Finalmente, e regressando a comentários feitos atrás, nesta análise houve um elemento omisso: a finalidade da intervenção que se pretende fazer com base no estudo realizado. Tomando em conta a génese, os processos de convergência e divergência dos grupos sociais, e a finalidade de uma intervenção social no bairro são os elementos para a construção e de fundamentação de uma tipologia de actores.

E cada um destes actores tem necessidades e demanda, dos facilitadores de desenvolvimento, serviços e produtos dos diferentes para a sua emancipação.

Um comentário final: os actores são uma realidade complexa que deve ser tratada de forma sistémica. Ou seja, os dois princípios da abordagem sistémica propostos acima devem sem utilizados para analisar cada um dos actores-tipo. A profundidade da análise a que o investigador deve chegar é condicionada pelas necessidades de informação para o desenho da intervenção social.
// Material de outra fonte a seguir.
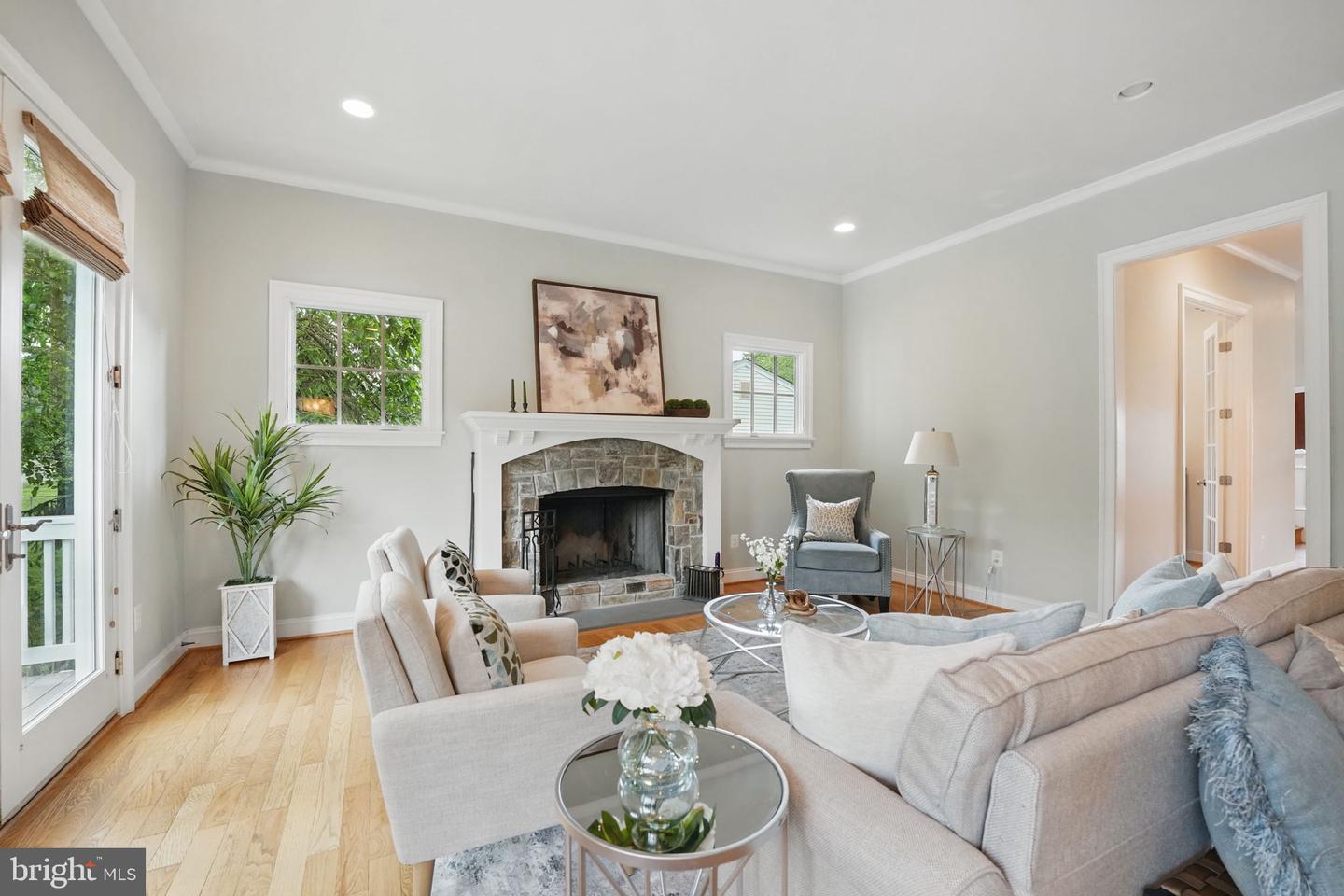 204 ELM ST SW, VIENNA, Virginia 22180, 4 Bedrooms Bedrooms, ,3 BathroomsBathrooms,Residential,For sale,204 ELM ST SW,VAFX2241148 MLS # VAFX2241148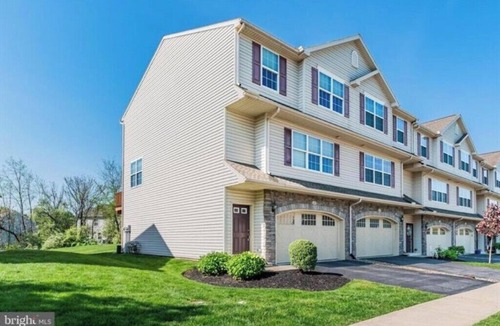 Harrisburg House | Beautiful family Townhome minutes to Hershey Park, Athletic Fields & Attractions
Mas como fazê-lo, ao nível dos actores e nos seus sub-níveis, não cabe neste documento.

Notas

[1] Um facto incrível é que, apesar de ter sido por alguns investigadores ultrapassada a noção de que o conhecimento é objectivo – ele é, cada vez mais, reconhecido como inter­-subjectivo –, muitos destes continuam ainda a tentar separar-se do seu contexto para produzirem a sua investigação… como se anteriormente não tivessem argumentado que isso é impossível.